- Born: Abdillahi Mire Dacar 1969 Erigavo, Somali Republic (now Somaliland)
- Died: 17 July 2016 (aged 46–47) Hargeisa, Somaliland
- Genres: Somali
- Occupations: Singer-songwriter, composer,
- Years active: 1980s-2016

= Shay Mire Dacar =

Abdillahi Mire Dacar (Cabdillaahi Mire Dacar), more commonly known as Shay Mire Dacar was a Somali musician and artist.

== Biography ==
Shay Mire Dacar was born in the city of Erigavo, capital of the Sanaag region of Somaliland, in 1969. He began his musical career in the mid-1980s and became famous for his qaaci-style songs, performed with the accompaniment of the kaban (oud).

After the Somali civil war, Shay Mire moved to Bosaso, where he released several notable songs and in 1998, Shay Mire relocated to Hargeisa, where he continued his artistic endeavors until his passing.

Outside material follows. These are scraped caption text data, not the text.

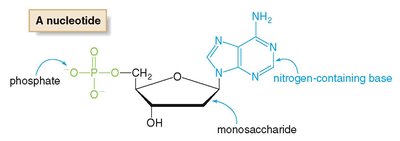Structures of purine and pyrimidine bases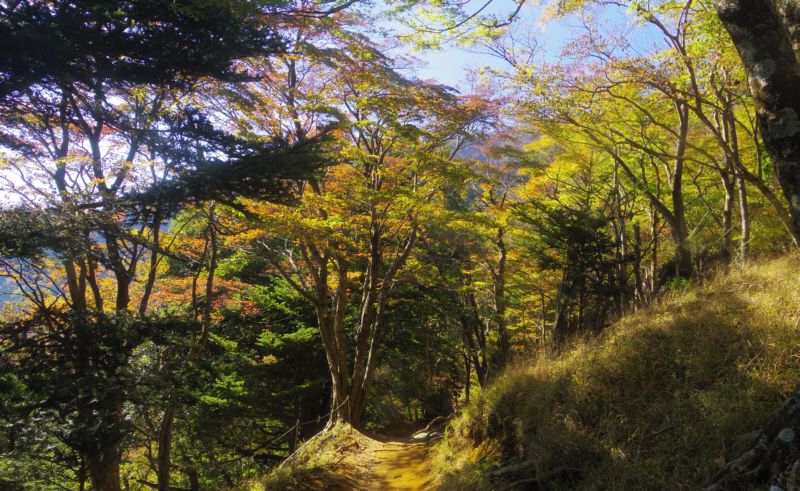 ������ւ̓�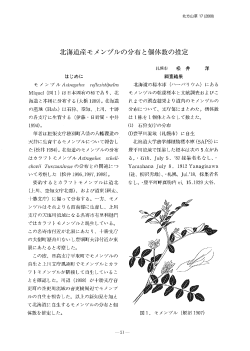 北海道産モメンヅルの分布と個体数の推定(サンプル)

Shay Mire Dacar held musical tours and performances in countries such as Djibouti, the United Arab Emirates, and the United Kingdom, where large numbers of his fans reside. He also participated in the Somali Week program in London in 2014, which is held annually and invites various poets and musicians.

== Discography ==

- Miyaan Seexdaa
- Bini Aadanbaa Tahay
- Malaha Waa Lagu Sitaa
- Bishaaradii Naftaydaay
- Aduunyadu Qaribanaa

== Death ==
Shay Mire died on July 17, 2016, in Hargeisa, and is survived by five children, three sons and two daughters.